Planning will be critical long-term, Smith said.

“Because of their location, Riverside is somewhat compact. So, planning for the future and having a vision of what they want the community to look like is very important. I’m not sure heavy industry is a good fit. Something more ecotourism and building more river-based activities would be a component of their future success going forward,” Smith said.

Even with the challenges, the town is a good investment, in part because of the interstate interchange.

But also as the state population ages, Riverside is a popular destination. Unlike other county communities, young families aren’t making Riverside part of the northeastern migration, but Baby Boomers, nearing retirement and drawn to the small-town atmosphere and the peace of the waterways, are coming.

“We don’t see the suburban push,” Jessup said. “What we’re seeing is people retiring or near retirement moving out this way, because the commute to Birmingham or to the Honda plant (in Lincoln) is a snap,” Jessup said. “I made the commute to Birmingham for 25 years, and it was easy then. It’s even easier now.”

There are also the common denominators that are part of the equation of St. Clair County – good schools, low crime and friendly atmosphere. Riverside’s household median income is above the national average. A story in the Birmingham Business Journal lists Riverside as the 18th most affluent municipality among Birmingham’s suburbs.

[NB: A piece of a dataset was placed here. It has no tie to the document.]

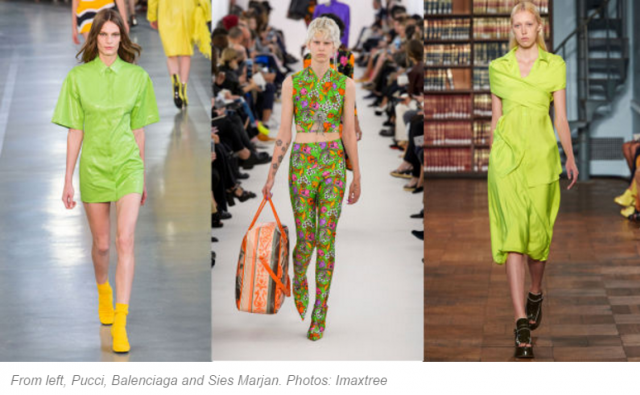 Pantone ประกาศ "Greenery" เป็นสีแห่งปี 2017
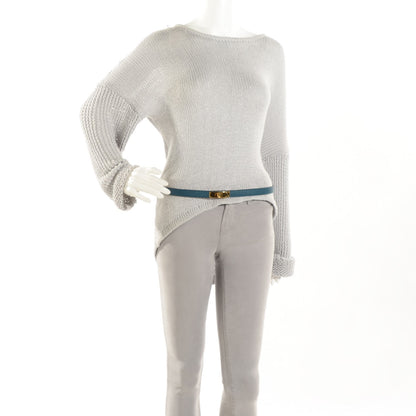 Hermes Epsom Kelly Belt Mallard 2 of 8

But Riverside needs retail to boost its tax base and improve infrastructure. Development at the interchange could change the tax base overnight,

“A nice truck plaza like a Pilot or Love’s could put $15,000 to $20,000 a month in the city in terms of our revenue,” he said.

Riverside, like other St. Clair communities, does get an economic boost from the Talladega Superspeedway and Barber Motorsports Park, Jessup said.

“I don’t know if the people of the county realize how international we have become known because of these tracks. We’re right in the middle of these venues, so they stay here,” he said.

And with the Coosa as part of the Alabama Scenic River Trail system, Riverside could be prime to cash in on a piece of the booming ecotourism market.

“We’re primed for everything, Jessup said. “We just haven’t had the right entity come along,” Jessup said. He borrowed from a country hit from a few years back to describe the Riverside he calls home.

“Our vision is for Riverside to become a resort tourist destination, or have that feel about it,” he said. “The resources of this river are unlimited. It’s attractive, and it’s beautiful, and it’s clean, thank goodness. And it will stay clean, thank goodness. People are attracted to it. … This town is the river. And the river is us.”

And because of the river and its people, Riverside will grow into a special community.

“It’s just an old chunk of coal right now, but it’s going to be a diamond someday,” he said, “because everything is here; everything is in place.”

And while location is important. Remember, Riverside is 30 minutes from anywhere in Birmingham and less than two hours from the Atlanta’s Jackson-Hartsfield International Airport. But at its heart, Riverside is special because of its people – and the river.

“The people here are just beautiful,” Jessup said. “There is something about the river, something about drinking good groundwater, there’s something about the way the sun and the moon hit the river and creeks around here that make people easier to get along with and laid back. There’s not a lot of drama here. It’s really, really a good place to live.”